Noah State is repulsed by who he’s become. As a Liquidator, his assignment is to kill anyone who speaks against the government. However, whomever, whenever. The problem: Noah believes in genuine justice but despises the fear-mongering he’s forced to be a part of. All he wants—all he’s ever wanted—is to live a quiet, peaceful life.
But he doesn’t deserve that anymore. Not after killing so many innocents.
Charity Tinnin’s debut release Haunted got under my skin in a way few books have. Maybe that’s because I could identify to some degree with every. single. character. (Buy it here. Seriously.)
- Noah, haunted by his past, trying to maintain his integrity and live by his convictions in a world where convictions flat out aren’t allowed.
- Maddison, desperate for a future, struggling daily with the pain of her past and determined to live like it matters. Because people matter.
- Daniel, fierce and powerful, valuing his own life above others, protecting his family, and ignoring the rest of the world.
Sure. Daniel and Maddison couldn’t be more different, but I have both those kinds of days. Don’t you?
Maybe the book affected me so deeply, because I find it progressively difficult to live without compromising my convictions in America—which has nothing on the level of persecution Patrisians are facing.
Maybe it’s the fact that I’ve been haunted by my own regrets. I understand the need for redemption.
Whatever the reason, Haunted reminded me of these things:
Our past—our own sins, crimes against us or those we love, difficult circumstances in general—can affect us in three ways.
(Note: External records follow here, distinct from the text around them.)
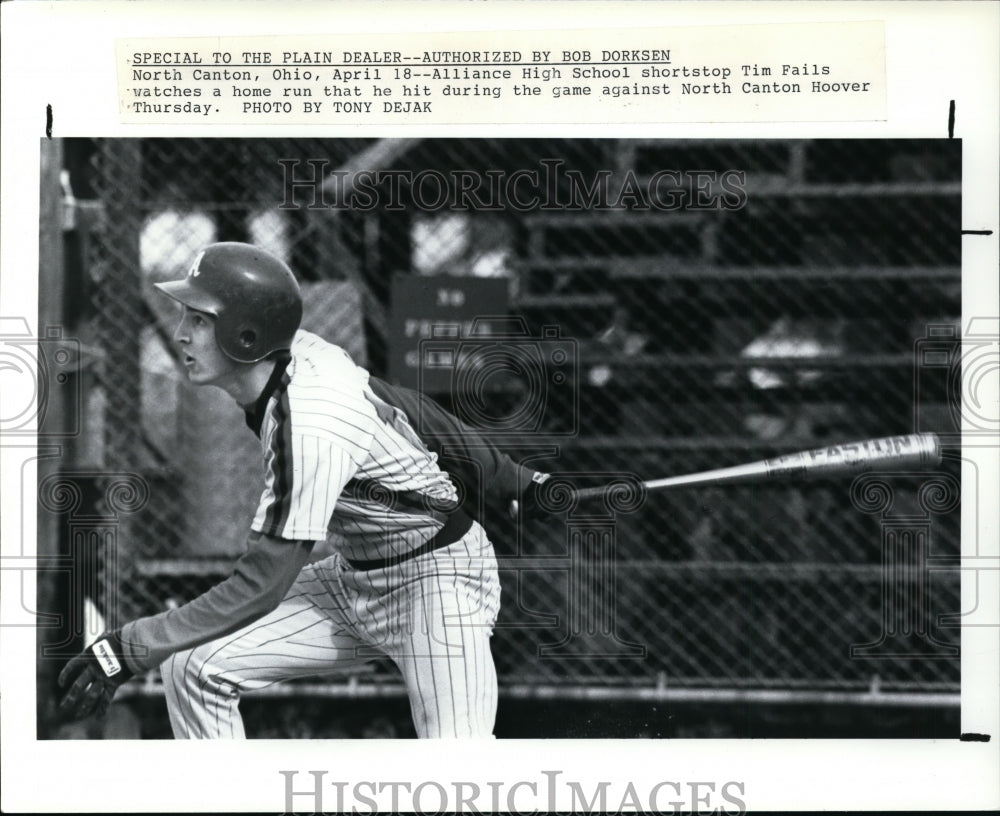 Press Photo Alliance High School shortstop Tim Fails hitting a home run- Historic Images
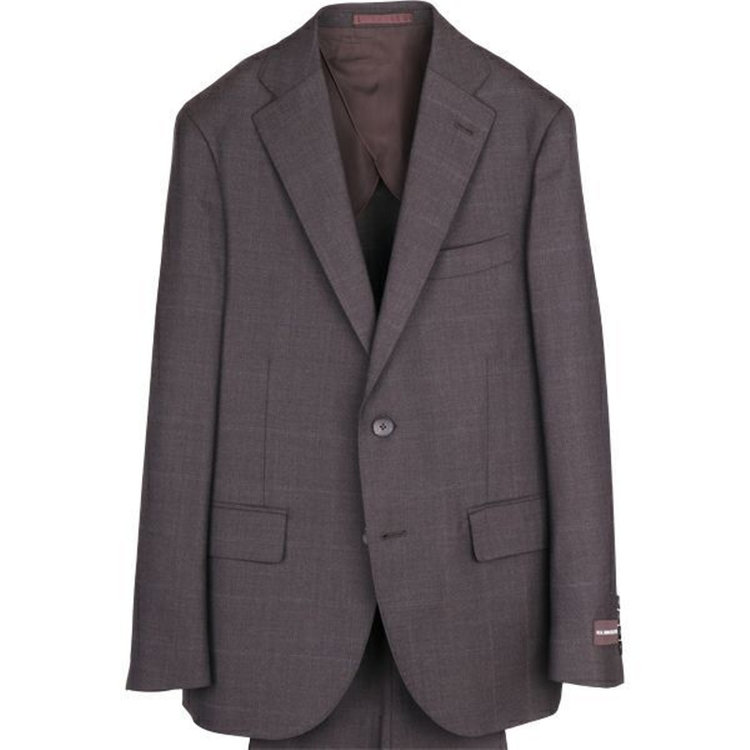 ＪＰ コンフォート 【JOHN PEARSE comfort】【春夏】2釦シングルスーツ 1タック/ブラウン×ウィンドペン/NEW ZEALAND LIMITED WOOL/REAL BROWN COLLECTION ブラウン系(茶)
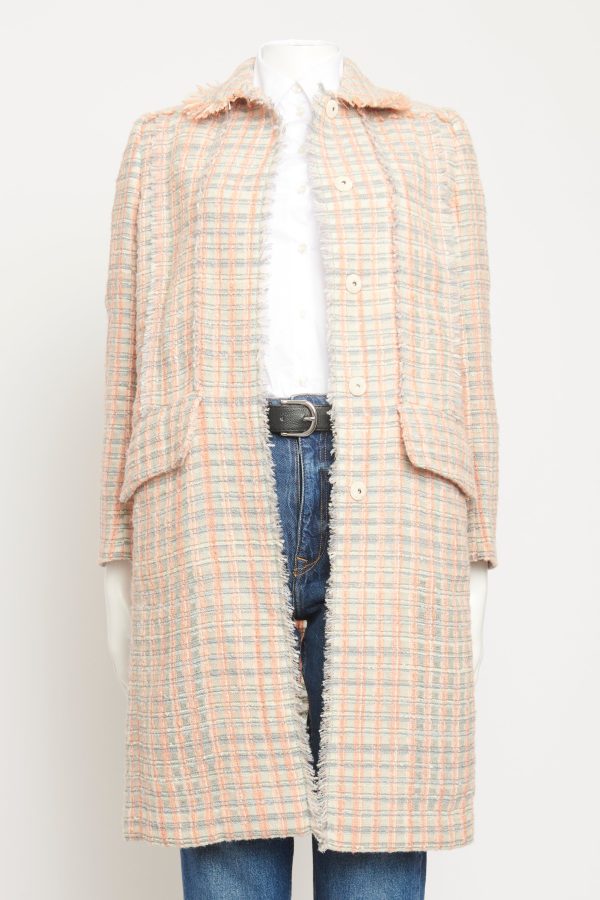 2016 Wool Blend Preowned Check Coat Fashion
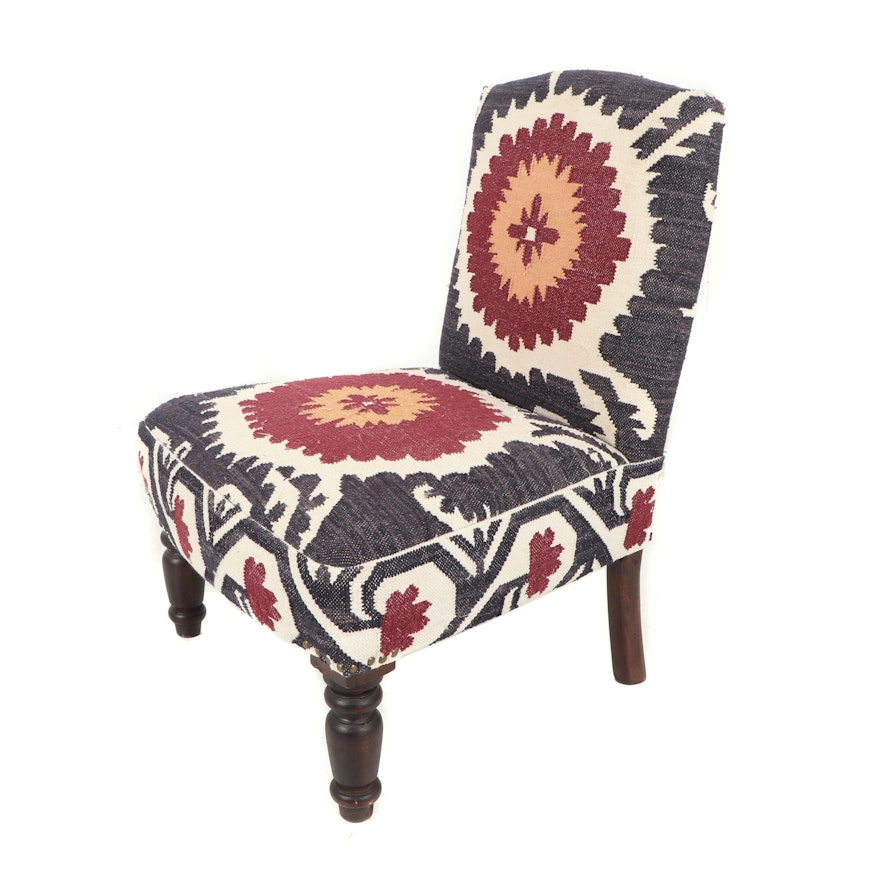 Contemporary Upholstered Side Chair in Flat Woven Rug Material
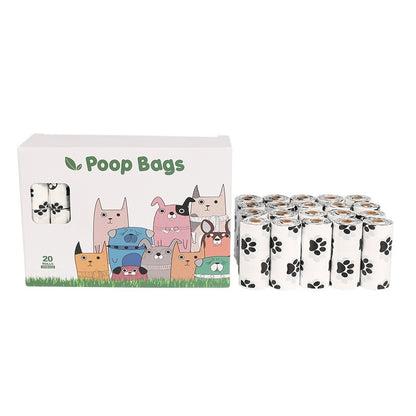 White Footprint Dog Poop Collection Bag Pet Supplies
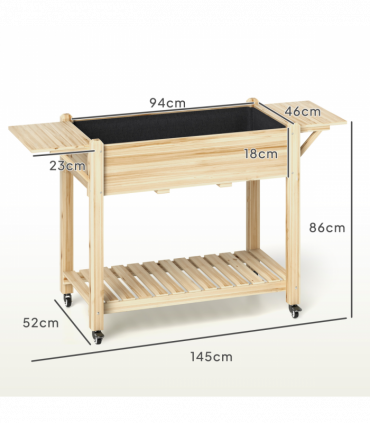 Outsunny Wooden Raised Planter with Lockable Wheels, Liner, Natural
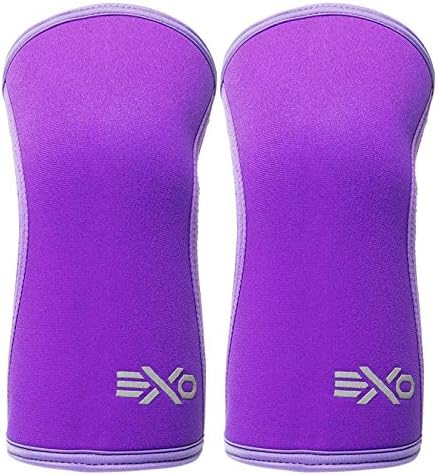 EXO Knee Sleeves Designed with Triple-Reinforcement and Anti-Microbial Neoprene, Sold as 1 Pair (Amethyst, S)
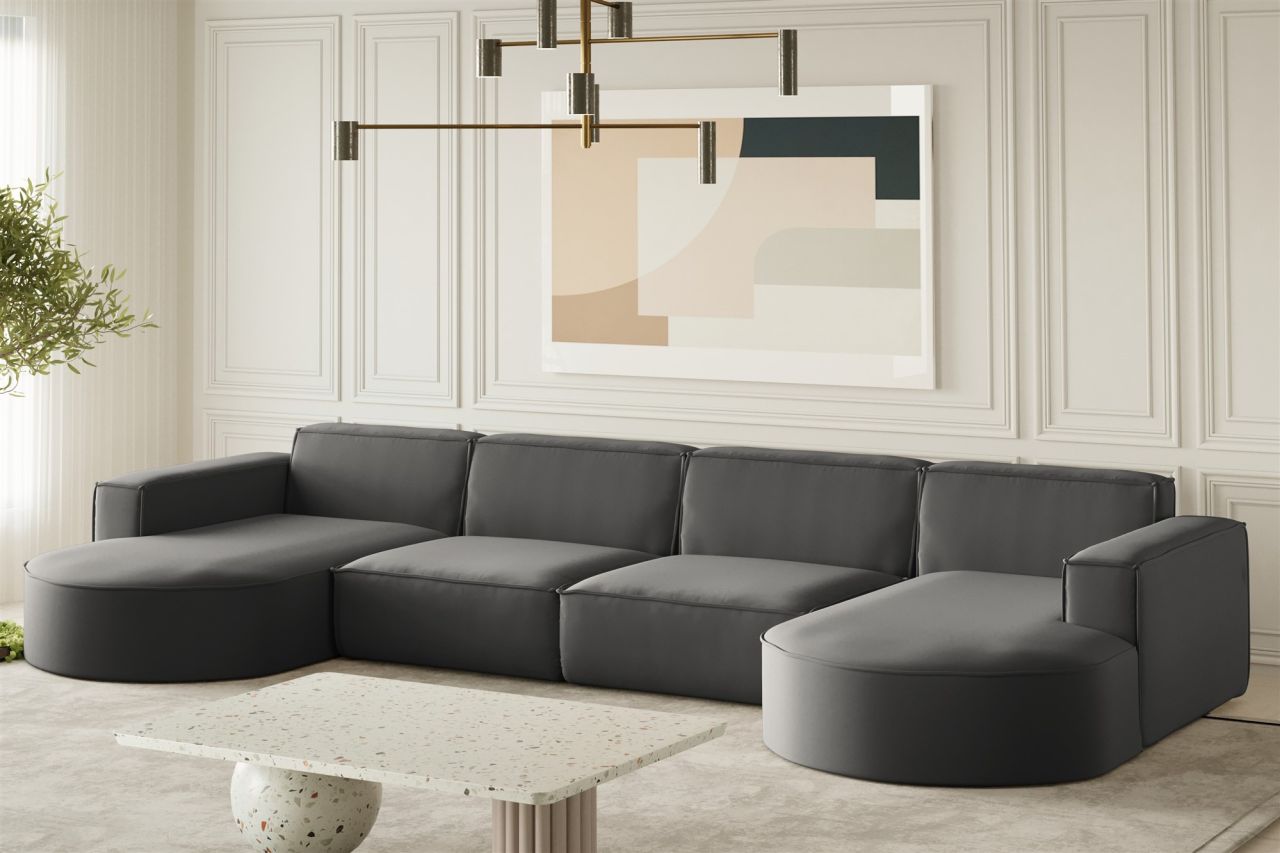 Wohnlandschaft U-Form Sofa PALMA XL in Stoff Opera Velvet Steel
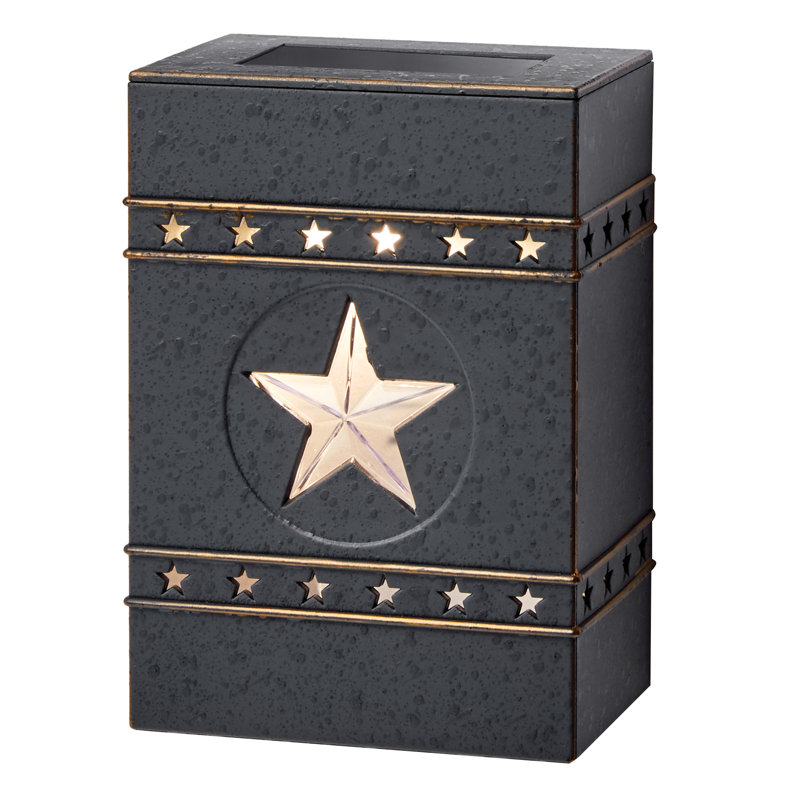 Éclairage solaire solaire à DEL noir patiné avec motif d'étoile solitaire (2PK)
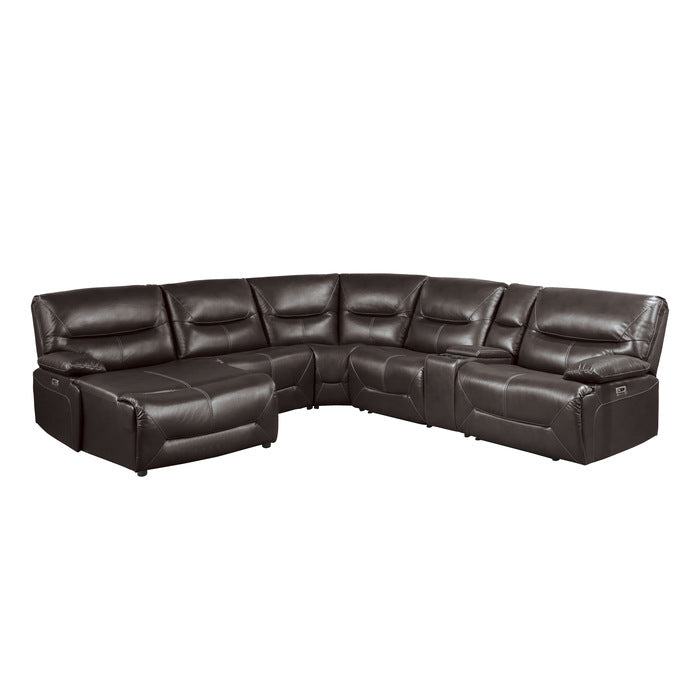 Dyersburg Brown 6-Piece Power Reclining Sectional with Left Chaise - Ornate Home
We can let the past consume us, making us so filled with anger that our every relationship suffers. Our past can weigh on us, convincing us we don’t deserve good things, we’ll never measure up, and we’re without hope. Or our past can motivate us to be different—to seek redemption.
And this. There are things worth fighting for, but learning to choose our battles is crucial. We can’t be on the front lines of every issue. And when we engage, we need to be careful that as we make our points, we’re not causing a heap of collateral damage. How we fight matters. We can resist—we can hold convictions contrary to the majority—with grace. We shouldn’t act like or assume that those who believe differently are our enemies.
Every moment counts.
Every person counts.
How has your past affected you? What will you do with that? Here’s what I do.
Living a counter-culture life can be an adventure. We can bring people with us if we’re wise about how we live in front of them and how we invite them. What are you doing to be different?